The analysts say the increase in Iranian involvement is to offset the gains made by Yemeni government troops supported by the Saudi-led Arab coalition forces.
Increased Iranian role will prolong Yemen’s civil war and make the conflict more sectarian, worsening Yemen’s humanitarian crisis and allowing Al Qaida in the Arabian Peninsula (AQAP) to expand its support base within Yemen, they say.
“The deployment of inter-operable proxy forces is part of Iran’s evolution of a form of hybrid warfare that will allow it to project significant force far from its borders and fundamentally alter the balance of power in the region. Iran may increase its engagement in Yemen if US support for the Saudi-led coalition threatens the Al Houthi-Saleh faction’s survival,” they say.
The Critical Threats Project run by the public policy think tank the American Enterprise Institute has published the analysis on their website, providing information on Iranian military assistance to Yemeni rebels.
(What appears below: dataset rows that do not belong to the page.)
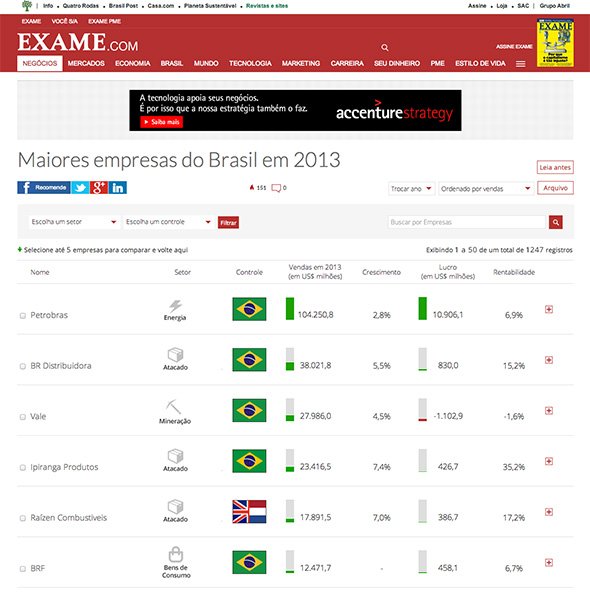 Quer saber tudo sobre as mil maiores empresas do Brasil? É pra já!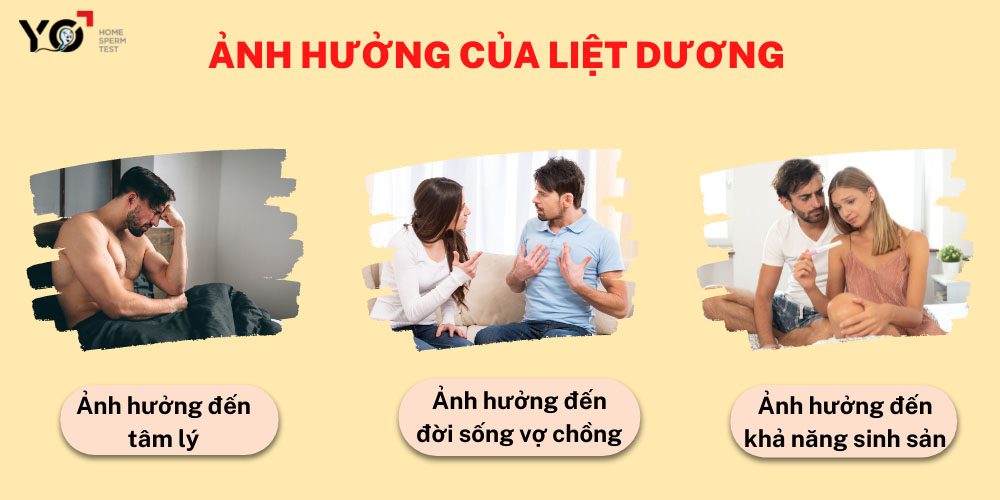 Ảnh hưởng của liệt dương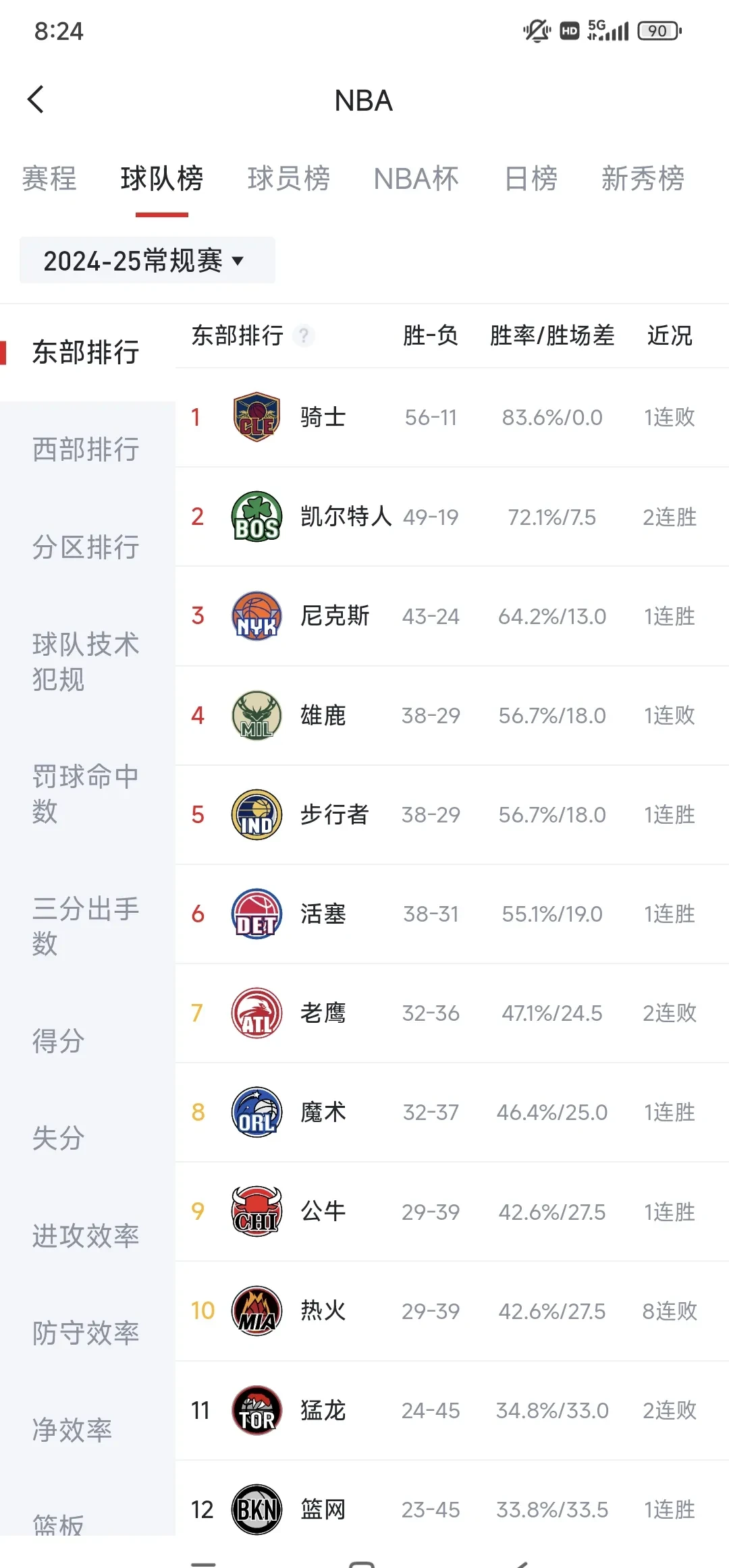 包含东部榜首大战结果西热赞险胜浙江的词条 包含东部榜首大战结果西热赞险胜浙江的词条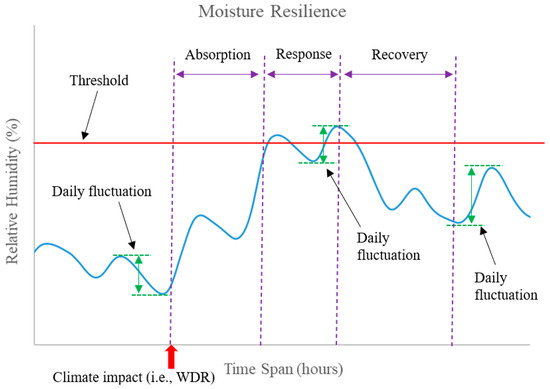 Assessing the Moisture Resilience of Wood Frame Wall Assemblies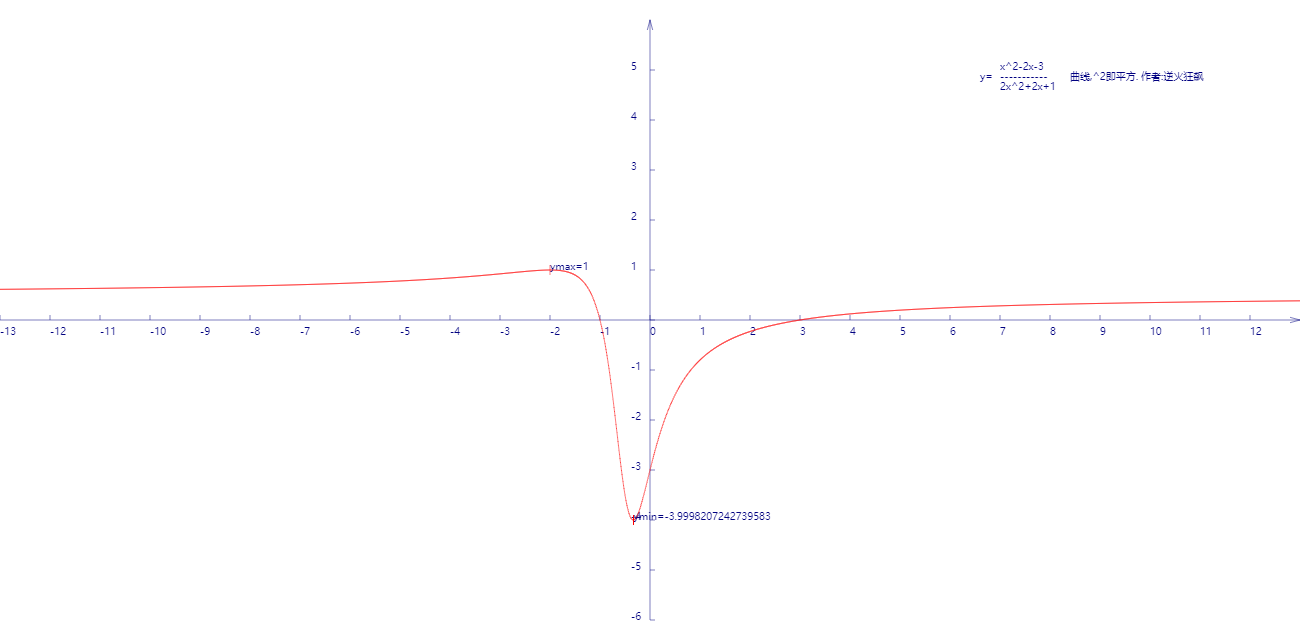 Функция y 3 4x 11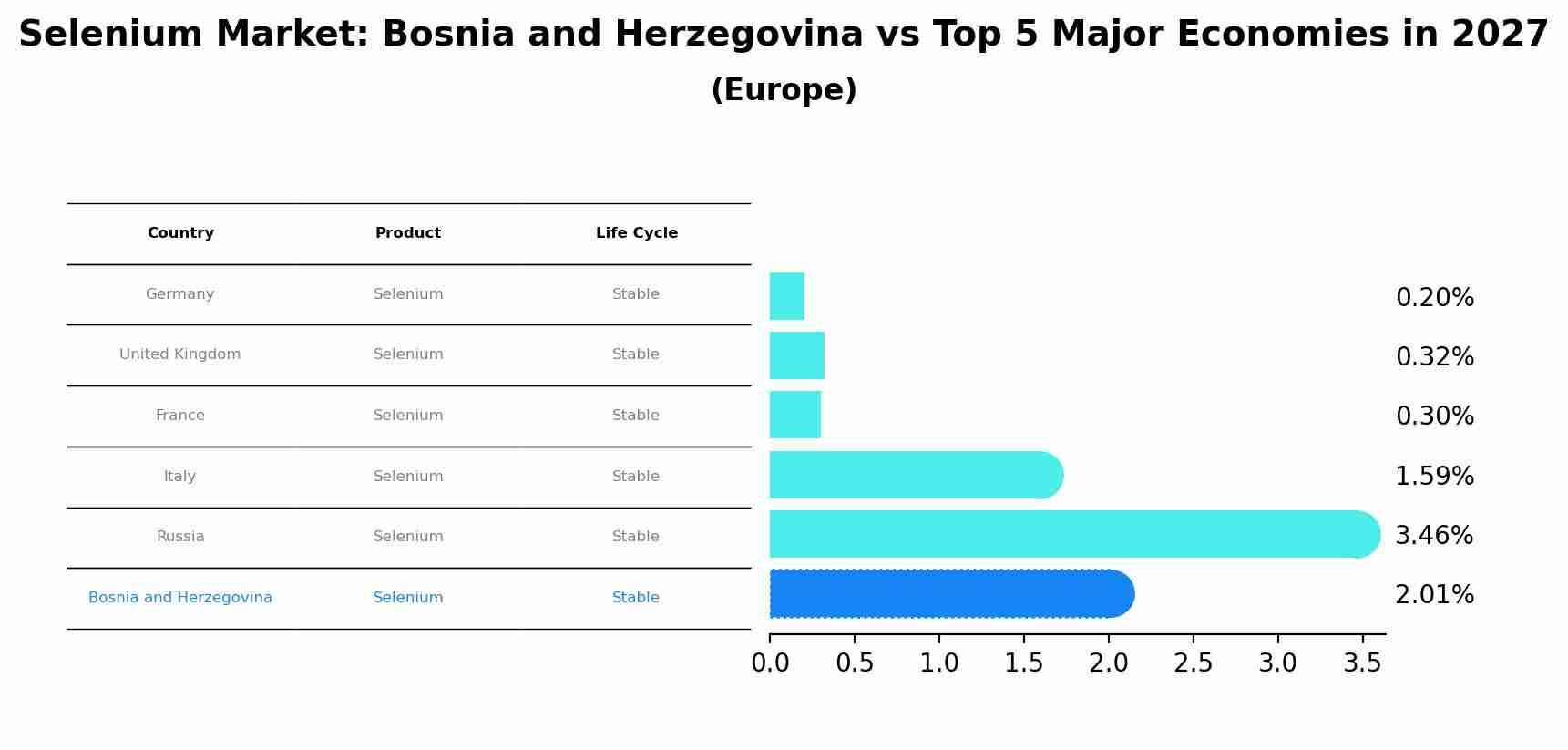 Selenium Market: Bosnia and Herzegovina vs Top 5 Major Economies in 2027 (Europe)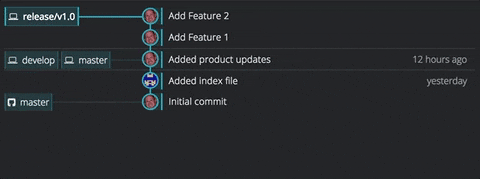 GitKraken Release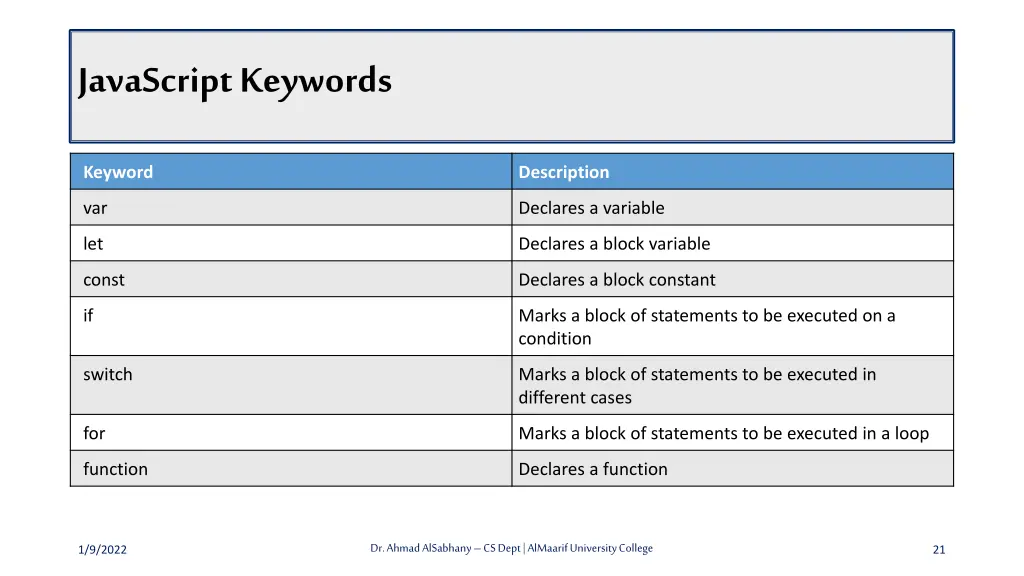 javascript keywords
“Iran may attempt to incorporate the Al Houthis into its Axis of Resistance coalition, which Iran uses to contain the US and its regional allies,” the report stresses, warning that further escalation in the Yemeni civil war will threaten freedom of navigation in the Red Sea, risking both global commercial markets and the US Navy’s freedom of movement in the region.
The analysis claims that Iran had attempted to smuggle over 2,000 small arms into Yemen in 2015 and 2016, in addition to a large stockpile of other weapons.
“Iran likely facilitated the development of an Al Houthi-Saleh naval mining program. Mines struck a government coast guard ship near Mokha port, Taiz governorate on March 11 and a fishing vessel near Midi district, northwestern Hajjah governorate on March 8. Iran provides sophisticated weaponry that allows the Al Houthi-Saleh faction to hold terrain, counter Saudi-led coalition capabilities, and threaten US freedom of movement in the Red Sea,” it warns.
The Al Houthi-Saleh militias possess a large number of Iran-supplied sophisticated weapons and technological devices, such as unmanned aerial vehicles, the technology for unmanned remote-controlled boat attacks as happened to a Saudi vessel in the Red Sea on January 3, anti-ship cruise missiles used to fire at the USS Mason in October 2016, and anti-tank guided weapons that were not part of Yemen’s pre-civil war stockpiles, the analysis asserts.
It reveals that Al Houthi-Saleh ballistic missile launches increased in 2017 and argues that Hezbollah or IRGC-QF likely provided technical expertise to modify pre-existing Scud missile stockpiles for longer range capabilities.